But that’s the way it goes I guess. That’s the thing about things. Sometimes when you think you’re over something, (or maybe desperately trying to be over it) certain triggers pull you right back and make you dealwithitnow.
Consequently, this is what I will do.
On this trip home, I decided to clean out the closet of the my previous bedroom at my Dad’s house. The closet that hadn’t been touched close to the 10 years since I lived there.
Hello old memories.
It was overall good, cathartic and slightly odd. I threw away/gave away/ recycled most of everything save a few boxes of photos and cards from my grandma. And of course, a Justin Timberlake doll.
During our stay home, Tahn happily found herself at her grandpa’s. Like old times, he had her water bowl and bed out for her to feel right at home.
Over the weekend, my dad would occasionally leave Tahn alone.
Yesterday, after I returned home, my dad called to tell me a story.
My dad is in the process of putting new doors on his kitchen cabinets.

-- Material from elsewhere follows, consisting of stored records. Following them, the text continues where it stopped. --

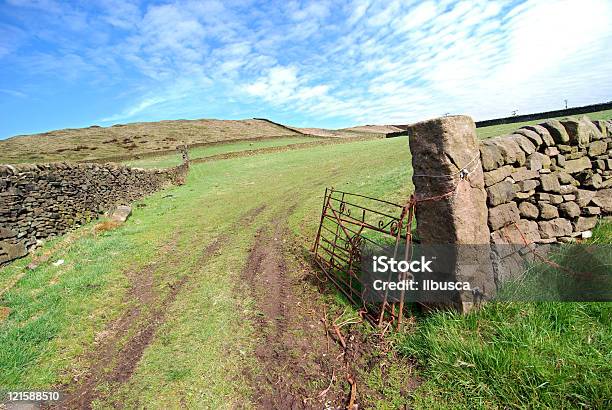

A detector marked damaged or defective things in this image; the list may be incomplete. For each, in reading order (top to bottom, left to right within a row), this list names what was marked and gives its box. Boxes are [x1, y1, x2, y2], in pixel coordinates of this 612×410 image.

rusty metal gate [310, 187, 416, 328]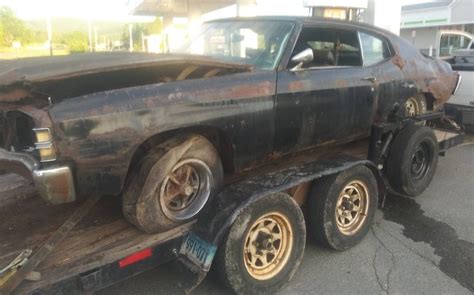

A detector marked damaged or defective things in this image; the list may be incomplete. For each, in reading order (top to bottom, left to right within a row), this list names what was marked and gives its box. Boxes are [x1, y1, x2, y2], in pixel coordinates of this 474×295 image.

rusty black car [0, 17, 460, 234]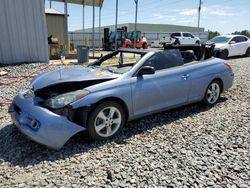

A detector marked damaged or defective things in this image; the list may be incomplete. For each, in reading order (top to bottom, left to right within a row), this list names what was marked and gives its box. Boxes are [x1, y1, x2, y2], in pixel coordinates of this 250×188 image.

cracked bumper [8, 94, 85, 149]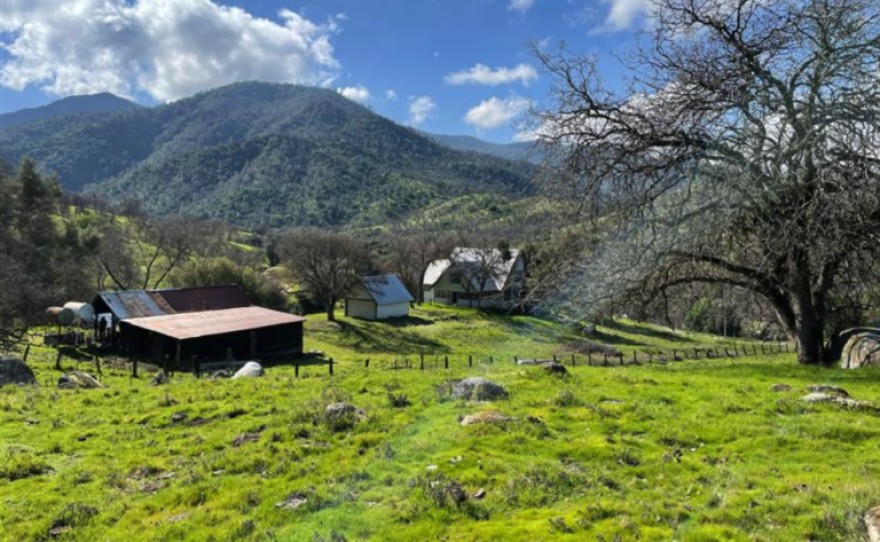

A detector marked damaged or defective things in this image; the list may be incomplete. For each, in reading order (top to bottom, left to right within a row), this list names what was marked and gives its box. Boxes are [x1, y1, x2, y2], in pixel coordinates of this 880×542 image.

rusty metal roof [97, 286, 254, 320]
rusty metal roof [122, 308, 304, 342]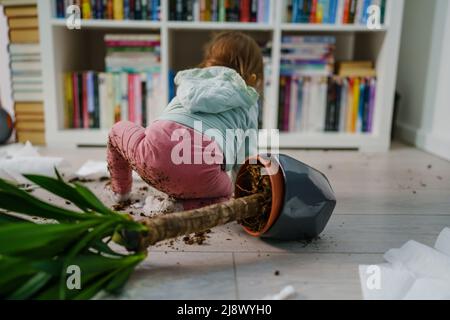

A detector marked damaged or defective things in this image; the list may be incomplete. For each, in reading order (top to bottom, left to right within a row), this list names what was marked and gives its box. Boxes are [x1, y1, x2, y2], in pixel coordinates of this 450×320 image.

torn paper towel [0, 141, 66, 184]
torn paper towel [75, 160, 141, 180]
torn paper towel [358, 228, 450, 300]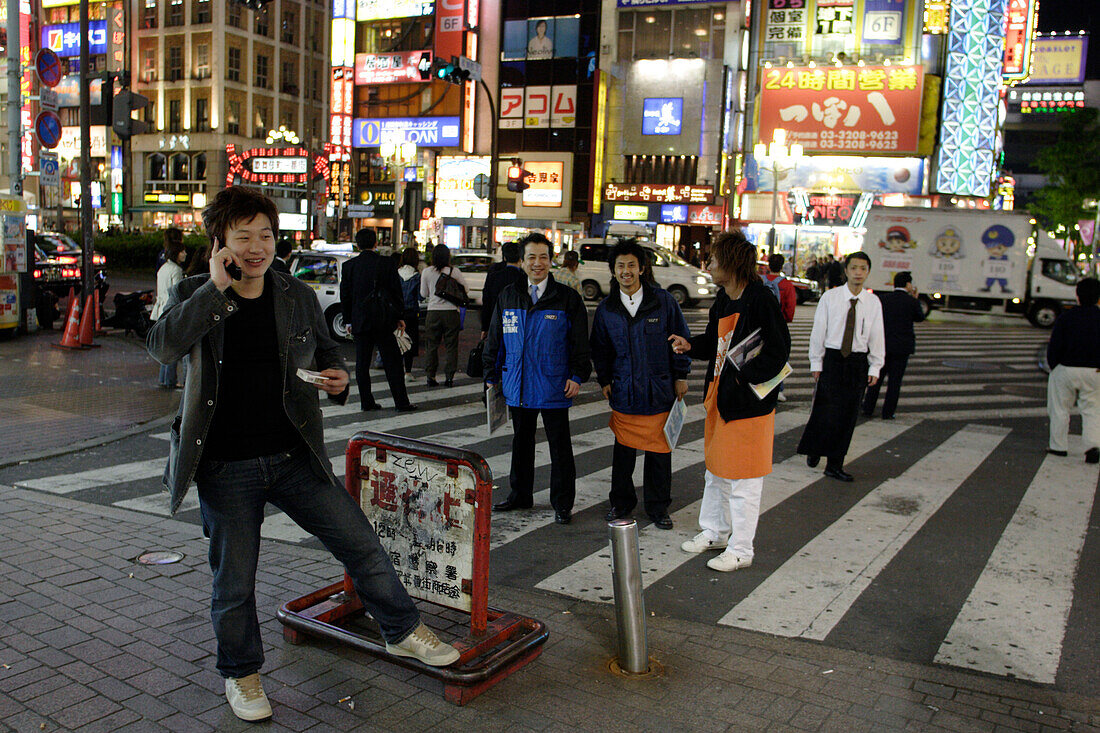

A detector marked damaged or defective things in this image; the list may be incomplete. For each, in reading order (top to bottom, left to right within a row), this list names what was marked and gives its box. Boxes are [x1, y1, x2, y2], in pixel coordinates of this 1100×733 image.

rusty metal frame [277, 429, 547, 704]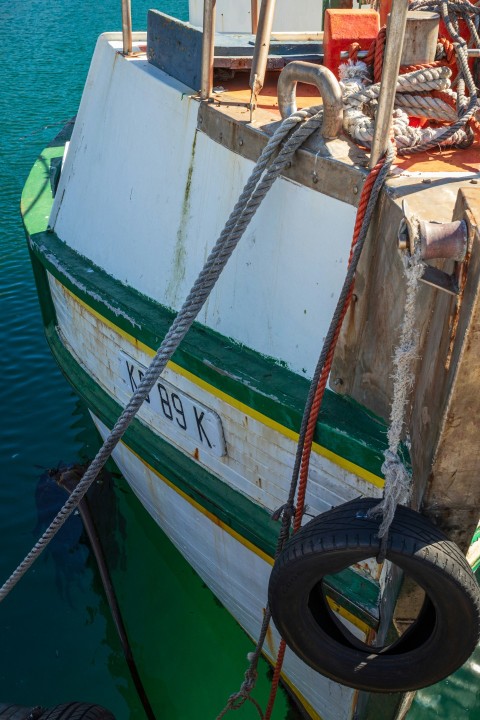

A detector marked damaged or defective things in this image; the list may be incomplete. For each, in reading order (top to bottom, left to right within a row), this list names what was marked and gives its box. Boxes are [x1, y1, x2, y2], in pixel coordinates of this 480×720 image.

rusty metal fitting [422, 222, 466, 264]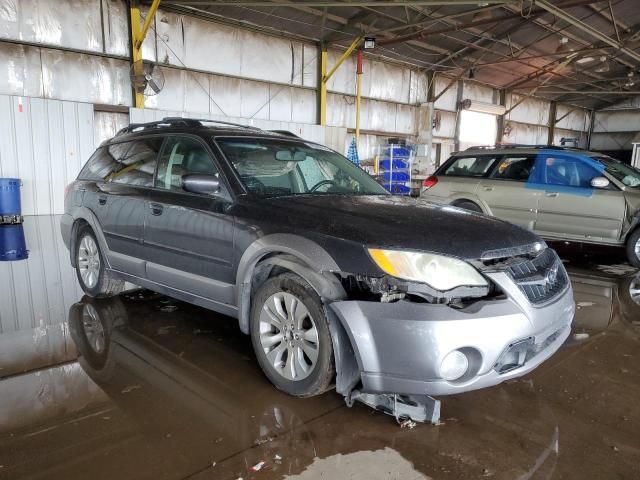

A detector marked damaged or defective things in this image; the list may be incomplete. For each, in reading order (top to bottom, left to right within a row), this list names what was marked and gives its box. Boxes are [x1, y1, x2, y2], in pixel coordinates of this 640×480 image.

damaged subaru outback [62, 117, 576, 420]
crumpled front end [330, 246, 576, 396]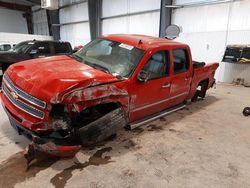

Therefor, his cabinets and all such contents are exposed and open.
On Tuesday, he found a Brillo pad (which is usually kept under the kitchen sink) in the cabinet under the stove.
When he told me this story, he indicated this was a sign of protest by Tahn; she did not appreciate being left alone.
There are always consequences for your behavior.
What are your current triggers? (Positive or Negative)
Do you have any plans for Spring Cleaning?